PCI DSS v4.0.1 introduces two requirements that govern the scripts and headers delivered to a cardholder’s browser on payment pages:
- 6.4.3 covers script authorization, integrity, and inventory.
- 11.6.1 covers change and tamper detection for security-impacting HTTP headers and payment page script content.
You can read the full specification on the PCI Security Standards Council website.
Two deployment modes, both compliant
cside offers two monitoring modes. Both satisfy 6.4.3 and 11.6.1. Choose based on your risk tolerance and ability to deploy code changes.
Scan method (no code change)
- Runs full browser containers (not single HTTP fetches) twice per day against the entire web property and the user flow leading to the payment page.
- Monitors scripts as the DOM renders in full, including sub-requests and late-loaded assets that naive HTTP scanners miss.
- Mimics real user behavior so dynamically injected and CDN-rotated scripts are captured.
Twice-daily scans exceed the “at least weekly” requirement in 11.6.1 and meet the periodic inventory expectation in 6.4.3.
Script method (runtime, inline)
- Loads inline in the live user session and logs every script and every script action in real time to cside’s backend.
- Provides request-level visibility in the dashboard.
- Enables granular enforcement: cside can block specific actions or stop scripts altogether.
- Interoperates with CSP. cside also prevents malicious scripts from injecting CSP directives that would disable the cside script itself, a behavior we have not observed in any other solution on the market.
Scan and script modes can be combined with CSP, SRI, and your own allowlists. cside does not require you to disable existing controls.
Requirement 6.4.3
All payment page scripts that are loaded and executed in the consumer’s browser are managed as follows…
”A method is implemented to confirm that each script is authorized.”
PCI DSS permits both pre-authorization and post-authorization models. cside supports both:
- Scan method: scripts discovered on the payment page and its user flow are surfaced in the PCI DSS dashboard for review and authorization by a named user. The dashboard and audit log record who authorized each script and when.
- Script method: in addition to dashboard authorization, cside can technically prevent unauthorized scripts or specific script actions from executing at runtime. This works alongside CSP and continues to function even when an attacker attempts to inject CSP directives to disable cside.
Authorization decisions, the authorizer’s identity, and timestamps are written to the audit log and are exportable for your QSA.
”A method is implemented to assure the integrity of each script.”
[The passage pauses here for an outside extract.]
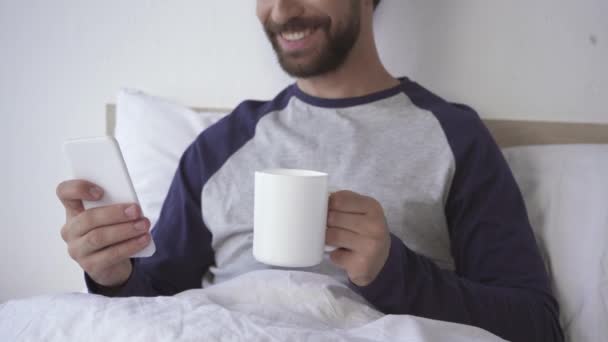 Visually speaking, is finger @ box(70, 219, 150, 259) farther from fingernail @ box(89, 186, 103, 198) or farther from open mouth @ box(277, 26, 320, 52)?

cside verifies integrity on multiple axes rather than relying on a single hash check:
- Payload hashing: every script body is hashed. A new hash triggers the full analysis pipeline.
- Content analysis pipeline: new payloads are deobfuscated, prettified, and evaluated through our proprietary Rust-based rules engine, Yara rules, a locally hosted small-context LLM, larger models for deep analysis, and a human review step by the cside team.
- Source metadata verification: each script source is checked against SSL issuer history (to catch hijack attempts), domain registration and ownership history, DNS and NS record changes, RPKI status of the resolving IP addresses (to catch BGP leaks), and reverse DNS to detect infrastructure overlap with known malicious domains.
- Historical context: cside retains prior hashes served behind the same URL so integrity changes across versions can be audited. The dashboard surfaces every hash variant and renders the payload for inspection.
”An inventory of all scripts is maintained with written business or technical justification as to why each is necessary.”
The PCI DSS dashboard is purpose-built for this clause:
- A live inventory of every script detected on payment pages, grouped by the vendor that serves it, including the parent object that caused each script to load.
- AI-generated business and technical justifications derived from the payload and its behavior (explicitly permitted by the PCI SSC), which a user then reviews and confirms.
- Per-script audit entries recording who accepted or edited each justification, with a full revision history.
- Prettified payloads with sensitive browser APIs highlighted inline so reviewers can make informed justification decisions.
Grouping by vendor keeps this inventory reviewable when a single vendor loads dozens of scripts. See Reviewing scripts by vendor for the review workflow.
This includes dynamically injected scripts, CDN-rotated assets, scripts with changing IDs or timestamps, and nested sub-requests. Browser extensions are out of scope of PCI DSS because they imply prior device compromise, but cside still surfaces extension-injected scripts where detectable.
Requirement 11.6.1
A change and tamper detection mechanism is deployed…
”To alert personnel to unauthorized modification of the security-impacting HTTP headers and the script contents of payment pages as received by the consumer browser.”
cside captures headers and script content as they arrive in a real browser, not as returned by a server-side fetch. This is important because many sites serve different headers and scripts based on User-Agent, TLS fingerprint, bot detection, and geographic routing.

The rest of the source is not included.